KV-Cache Refresh Methods for Long Generation

Authors: Yahya Emara, Woojeong Kim, Mohamed Abdelfattah

TL;DR

In this blog, we show how helpful KV cache refreshes can be for long generation from small models, along with efficient ways of finding when to refresh using inference algorithms.

Introduction

Generating long, coherent, and high-quality text remains hard for smaller open source LMs. As sequences stretch into thousands of tokens, tiny decoding errors compound. The model drifts from the prompt, repeats, or collapses into low information text. Practically, this isn’t just a language modeling issue, but it’s also a systems one. Prefill over the prompt is compute heavy but parallel, while decode is memory bandwidth bound and dominates wall-time, so simply using a bigger model everywhere isn’t viable at inference.

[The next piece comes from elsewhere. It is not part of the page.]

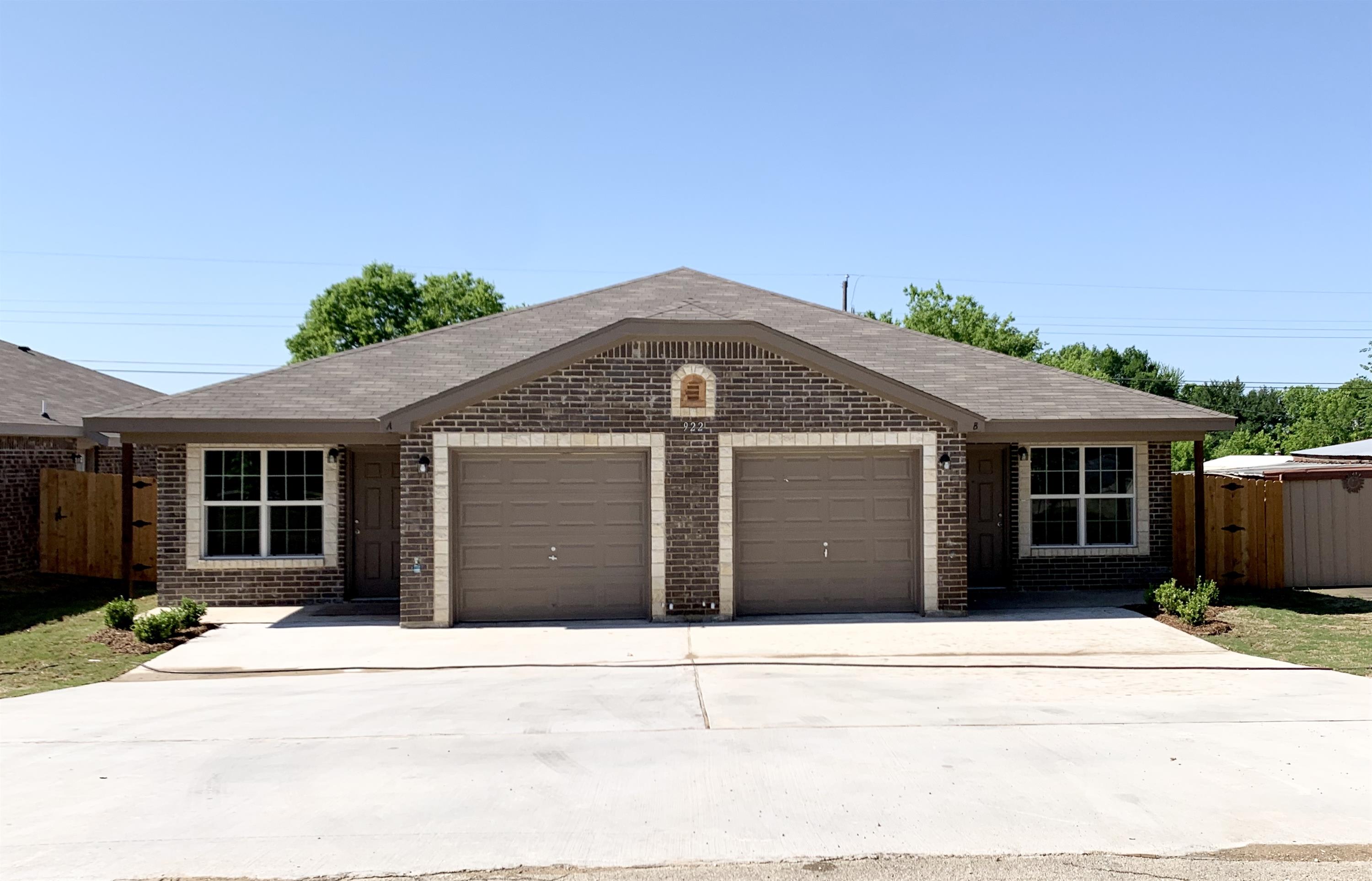922 Maplewood Drive – photo 1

The OverFill architecture (Kim et al. 2025) exploits the prefill/decode split by running a large Teacher only for the prefill to build a high-fidelity KV cache over the prompt, then hand that cache to a smaller Student for the token by token decode. Prefill leverages parallelism to give you a strong initial state while decode stays fast on the student. Below we formalize this prefill-decode setup (notation, algorithm).

Then, in this blog we show effective extensions that can best utilize dynamic KV cache refreshes. As KV cache refreshes do exert extra compute, we try to use them only when needed, how we can help speedupto realign the student’s state to the teacher and stabilize long generation for a small, controllable prefill tax.

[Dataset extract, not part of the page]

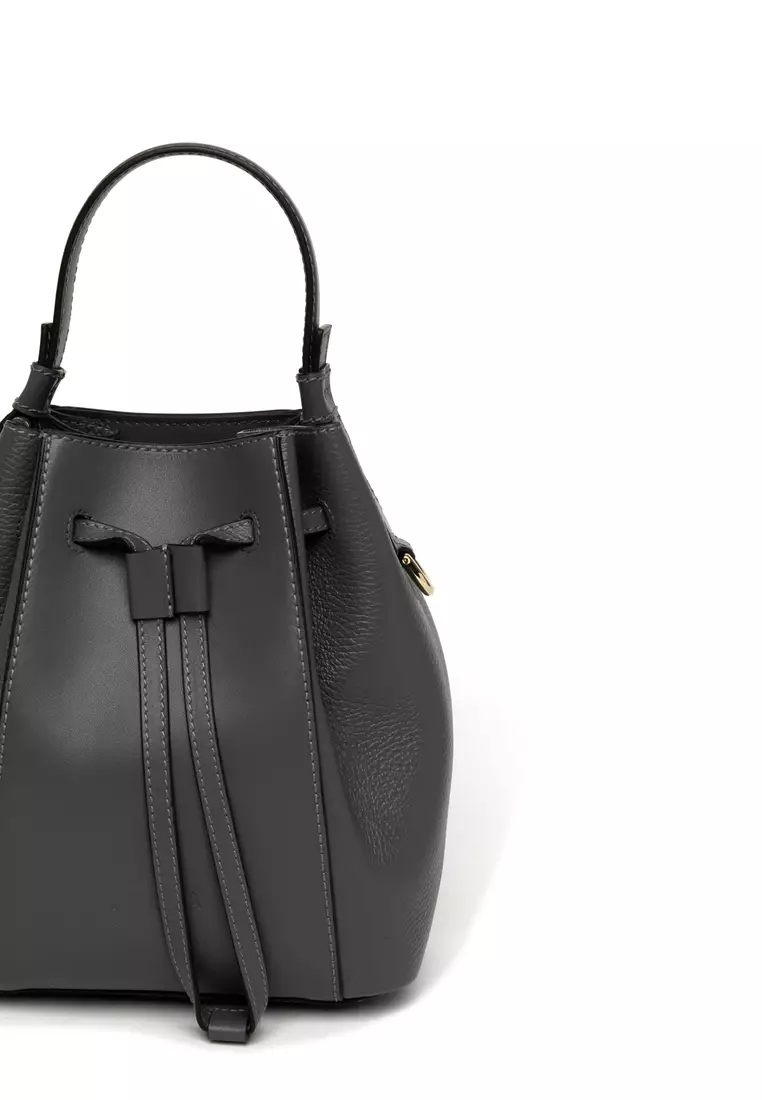 Furla black 2025 bucket bag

The methods of KV-cache refresh below will be:

  • Periodic refresh
  • Entropy based refresh
  • Speculative Refresh
  • Monte Carlo Dropout (Future Work)

The baseline OverFill algorithm used can be found in the github repository

Basics

Prefill: Run the transformer once over an already known sequence (the prompt) with caching enabled. Each layer writes K/V tensors (keys/values) to a KV cache so future tokens can attend to the prompt in O(1) time per step.

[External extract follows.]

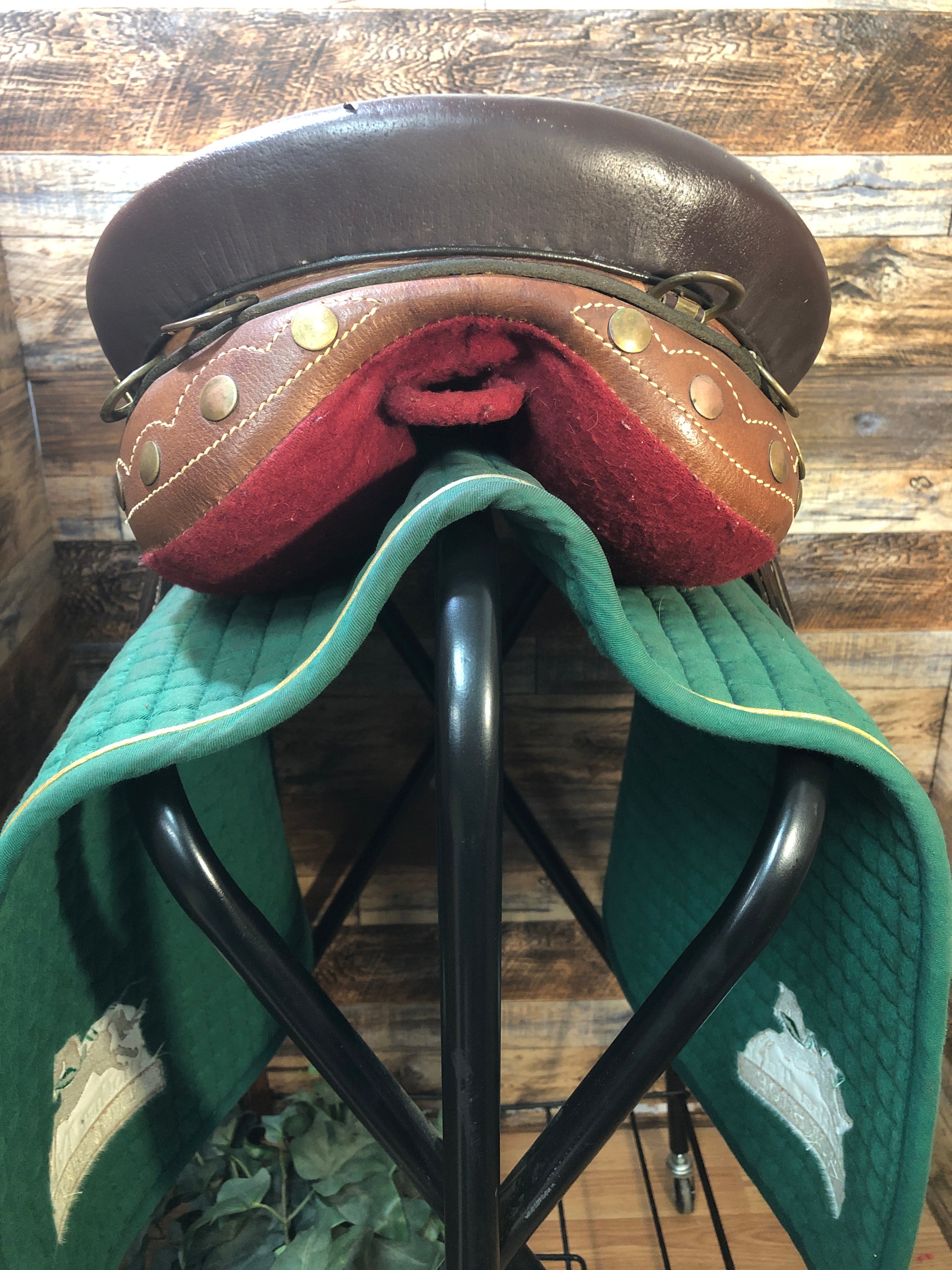 17.5" Australian Stock Saddle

Decode: Generate one token at a time using the KV cache. Each step reads the cached K/V (prompt + past outputs), computes attention only for the new position, and appends the new token’s K/V to the cache.

png png

OverFill’s idea: prefill with a high-quality teacher model to get a strong initial cache, then decode with a fast student model that reuses and extends that cache.

Overfill

Setup & notation

  • Prompt tokens: \(x=(x_1,\ldots,x_L)\); generated tokens: \(y_{1:N}\).
  • Current sequence length at step \(t\): \(n_t \;=\; L + t\).
  • Teacher model \(T\) (higher quality) induces conditionals \(p_T(\cdot\mid x,y_{<t})\).
  • Student model \(S\) (faster) induces \(p_S(\cdot\mid x,y_{<t};\, C_{t-1})\).
  • Cache (per layer \(\ell=1,\dots,L_{\text{layers}}\)) stores keys/values up to time \(t\):

    \[K_{\ell,\le t}, V_{\ell,\le t}\;\in\;\mathbb{R}^{B \times H \times n_t \times d_h}, \qquad C_t \;\equiv\; \{K_{\ell,\le t}, V_{\ell,\le t}\}_{\ell=1}^{L_{\text{layers}}}.\]
  • NOTE: Passing KV across models is dimensionally valid if attention geometry and positional encoding match (same tokenizer/byte mapping, \(H\), \(d_h\), \(L_{\text{layers}}\), RoPE/ALiBi params). Quality depends on model closeness; if geometry differs, rebuild the Student KV instead of reusing the Teacher’s.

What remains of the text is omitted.